Date of Award

2025-08-01

Degree Name

Doctor of Philosophy

Department

Electrical and Computer Engineering

Advisor(s)

Sergio D. Cabrera

Second Advisor

Ali Bilgin

Abstract

The proliferation of data-driven tools for solving problems in every possible domain, coupled with rapid advances in computing technology, has led to an arms race of AI development and application research in industry and academia. One field of research that stands to gain immeasurably from this revolution is medical imaging. It is a critical part of modern diagnostics, and advancements in this area can directly benefit the average person by making healthcare more accessible, accurate, and affordable.
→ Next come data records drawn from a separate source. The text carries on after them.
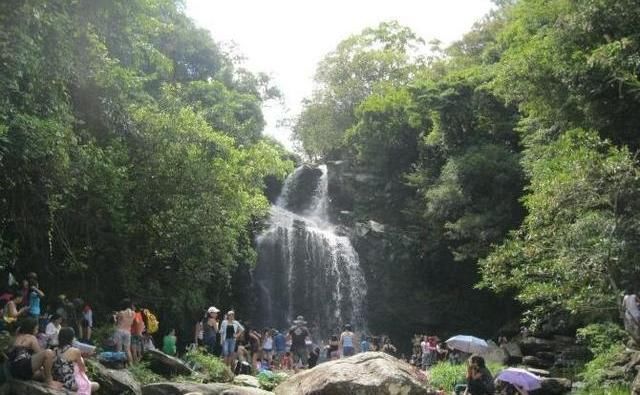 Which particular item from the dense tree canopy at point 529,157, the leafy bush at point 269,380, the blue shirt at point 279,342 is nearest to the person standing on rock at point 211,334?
the leafy bush at point 269,380

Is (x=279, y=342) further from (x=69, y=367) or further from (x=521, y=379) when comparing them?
(x=69, y=367)

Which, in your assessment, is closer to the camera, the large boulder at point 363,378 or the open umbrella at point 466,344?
the large boulder at point 363,378

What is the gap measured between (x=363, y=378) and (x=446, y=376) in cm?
805

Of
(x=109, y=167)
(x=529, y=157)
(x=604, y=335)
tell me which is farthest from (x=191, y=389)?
(x=529, y=157)

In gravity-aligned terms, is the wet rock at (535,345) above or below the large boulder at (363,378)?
above

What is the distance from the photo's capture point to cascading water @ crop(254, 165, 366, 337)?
25.2 meters

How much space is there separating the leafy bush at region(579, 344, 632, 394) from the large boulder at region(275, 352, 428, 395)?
5171 millimetres

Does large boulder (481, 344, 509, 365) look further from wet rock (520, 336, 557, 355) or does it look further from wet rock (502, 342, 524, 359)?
wet rock (520, 336, 557, 355)

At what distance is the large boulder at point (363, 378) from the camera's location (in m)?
8.85

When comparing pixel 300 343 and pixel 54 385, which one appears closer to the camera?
pixel 54 385

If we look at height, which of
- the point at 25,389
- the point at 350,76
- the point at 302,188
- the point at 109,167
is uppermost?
the point at 350,76

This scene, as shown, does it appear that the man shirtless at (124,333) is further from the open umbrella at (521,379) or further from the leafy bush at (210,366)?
the open umbrella at (521,379)

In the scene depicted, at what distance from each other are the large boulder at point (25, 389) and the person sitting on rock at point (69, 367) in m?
0.19

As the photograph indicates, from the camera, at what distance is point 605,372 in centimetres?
1284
Breakthroughs in mainstream image processing and computer vision have long fueled development in medical imaging, and it is now common to see cutting edge machine vision models developed less than a year ago being explored to solve problems in this field. Convolutional models are already being tested in commercial scanners for a variety of tasks such as pathology detection, organ segmentation, and image denoising, with Vision Transformers lining up to be the next big breakthrough.

This Ph.D. research focuses on the effective use of the notoriously large and unwieldy Transformer models to accelerate Magnetic Resonance Imaging (MRI) scans. To this end, it explores the use of deep neural networks for undersampled multi-channel reconstruction of complex MRI data in a k-space data consistent fashion with a focus on Shifted-Window (Swin) Transformers. Specifically, cascaded reconstruction pipelines were designed using customized Swin Transformer blocks featuring overlapped window attention, and their performance tested against the state-of-the-art methods.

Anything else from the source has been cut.